Head coachElgie Tobin
OwnerArt Ranney, Frank Nied
Home fieldLeague Park
Record8–0–3 overall
6–0–3 against APFA teams
Division place1st APFA (named champions)
Playoff finishNo playoffs until 1932

The 1920 Akron Pros season was the franchise's inaugural season with the American Professional Football Association (APFA) and twelfth total season as a team. The Pros entered the season coming off a 5–5 record in 1919 as the Akron Indians in the Ohio League. The Indians were sold to Art Ranney and Frank Nied, two businessmen, to help achieve a better record and crowd. Several representatives from the Ohio League wanted to form a new professional league; thus, the APFA was created.

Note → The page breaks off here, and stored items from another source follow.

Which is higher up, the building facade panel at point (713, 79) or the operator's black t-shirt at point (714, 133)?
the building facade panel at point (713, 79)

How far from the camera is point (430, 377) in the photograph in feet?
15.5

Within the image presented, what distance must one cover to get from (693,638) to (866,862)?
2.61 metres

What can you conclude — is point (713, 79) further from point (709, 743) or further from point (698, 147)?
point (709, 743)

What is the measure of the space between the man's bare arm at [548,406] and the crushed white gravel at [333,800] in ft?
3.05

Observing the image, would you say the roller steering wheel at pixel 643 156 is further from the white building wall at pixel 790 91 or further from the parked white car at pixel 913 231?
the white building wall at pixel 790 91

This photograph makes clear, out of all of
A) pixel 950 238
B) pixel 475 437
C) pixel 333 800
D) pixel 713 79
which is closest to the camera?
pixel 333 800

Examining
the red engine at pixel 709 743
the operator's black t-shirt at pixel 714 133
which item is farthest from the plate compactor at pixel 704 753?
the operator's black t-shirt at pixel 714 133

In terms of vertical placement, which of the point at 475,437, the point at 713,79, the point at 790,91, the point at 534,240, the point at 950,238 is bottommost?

Returning to the team for the 1920 season would be most of last year's team, including quarterback Fritz Pollard. The Pros also added end Bob Nash, who previously played for the Tigers, Al Garrett, and end Al Nesser of the famous Nesser brothers. They opened their regular season with a win over the Wheeling Stogies, en route to an 8–0–3 record. In week 11, the Pros traded Bob Nash—the first trade in APFA history. A meeting was held by the APFA to determine a winner, and the Pros' season concluded with the team winning the Brunswick-Balke Collender Cup for finishing first place in the APFA. The Decatur Staleys and the Buffalo All-Americans demanded the title because of the number of wins each team had.

Rip King and Fritz Pollard were named first-team all APFA and Alf Cobb was named second-team all APFA by the Rock Island Argus. The Pros only allowed 7 points all season, which was the lowest among all APFA teams. The 1920 Akron Pros are considered the first team in the history of the APFA to have an undefeated record. This changed with the 1972 rule change, however. In 2005, Pollard became the only player from the 1920 Akron Pros to be elected into the Professional Football Hall of Fame.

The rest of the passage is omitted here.